Fraud analytics allows underwriters to quickly access databases and public records online to verify application details, confirm prior coverage, and discover undisclosed information. Social media, as an example, should be tapped as a big source of input into fraud analytics, because it captures self-declared events, such as a move to a new place or a new driver in the family, which may be different than the information reported when purchasing a policy or filing a FNoL.
With such advanced technologies, today’s insurers can anticipate, detect, and prosecute fraud more quickly and forcefully. And every dollar invested in fighting fraud can return exponential savings to the bottom line.
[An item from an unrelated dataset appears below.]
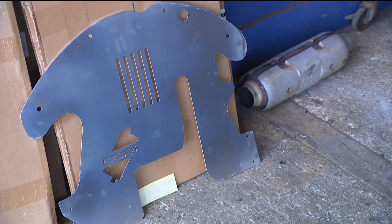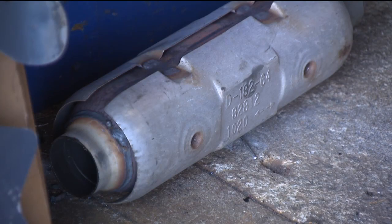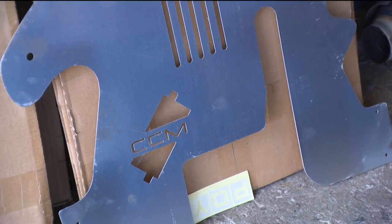After Fortes had his mechanic put a metal plate underneath his car to keep thieves from accessing the converter, thieves just cut around it. He says, 'I feel like at this point I'm just waiting for the next time it will happen again.'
Insurance companies should take advantage of advanced fraud analytics to anticipate and reduce fraudulent policies and claims in order to improve loss ratios. Reducing fraud through advanced analytics will have a faster and deeper impact on profitability than from improving operational efficiency. There are already some changes at work - innovative insurance companies are beginning to hire less ex-military/police personnel and more statistical modelers in their Special Investigation Units (SIUs).
However, as discussed above, comprehensive fraud detection models incorporate multiple advanced analytics techniques—not just business rules or traditional predictive models. This requires expertise in areas such as text mining, social network analytics and data science. While insurance companies have deep expertise in skills such as actuaries and statisticians, they lack expertise in today’s advanced analytics areas mentioned above.
Also, standard data quality approaches, often used by insurance organizations, need to be modified for fraud detection purposes or else it is possible to wipe out the anomalies that are indicative of fraud. In addition, these advanced analytics models must be refined periodically – usually one or two times per year at minimum—to maintain peak performance, since fraud schemes continuously evolve. While some insurers can build such expertise internally, for others we recommend partnering with analytics specialists. These specialists can help you build and implement state-of-the-art fraud analytics models that are custom to your environment, but can be deployed rapidly.
Evaluate your analytics partners’ ability to achieve fast customization by starting with a framework that contains a pre-built data model that can include inputs from multiple sources such as transactional, syndicated data and unstructured data, as well as a fraud engine with predictive modeling and text mining. It is also important that they have expertise in data science.
Reducing underwriting and claims fraud is the next frontier of significant operational improvement in the insurance industry. It can improve your loss ratios, but more important, provide you a source of competitive advantage by enabling you to compete on premiums in your important segments and win.